A major survey of our media habits confirms the inexorable shift to mobile devices – a YouGov poll of 18,000 online consumers of news commissioned by the Reuters Institute for the Study of Journalism shows a 23 per annual drop in the number of people mostly using a computer as their source of news online.
Smartphones are now the main way to access digital news for 24 per cent, up 11 percentage points in the same period, and tablets for 16 per cent, also up 11 percentage points.
The survey looked at online news consumers in the UK, US, Germany, France, Italy, Spain, Brazil, Japan, Denmark and Finland.

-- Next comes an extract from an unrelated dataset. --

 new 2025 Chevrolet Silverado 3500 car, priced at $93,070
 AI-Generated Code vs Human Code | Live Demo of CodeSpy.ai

Another important finding from the research is that users tend to use a narrower range of news sources on a smartphone than they do on a desktop or tablet. Across all of the countries looked at, over one-third (37%) use just a single source each week on a smartphone – compared with 30% on a desktop or laptop.
In some countries the difference is even starker, with 55% of UK smartphone users saying they use one news source each week compared with 45% of computer users.
Dr David Levy, director of the Reuters Institute, said: ‘In some countries such as the UK the established news brands have retained their loyalty in the more competitive online environment but the rapid growth of social media as a way of discovering and consuming news has a range of possible ramifications.
‘While choice proliferates, consumption may narrow; reliance on recommendations from like-minded friends could mean people are less exposed to a broad news agenda.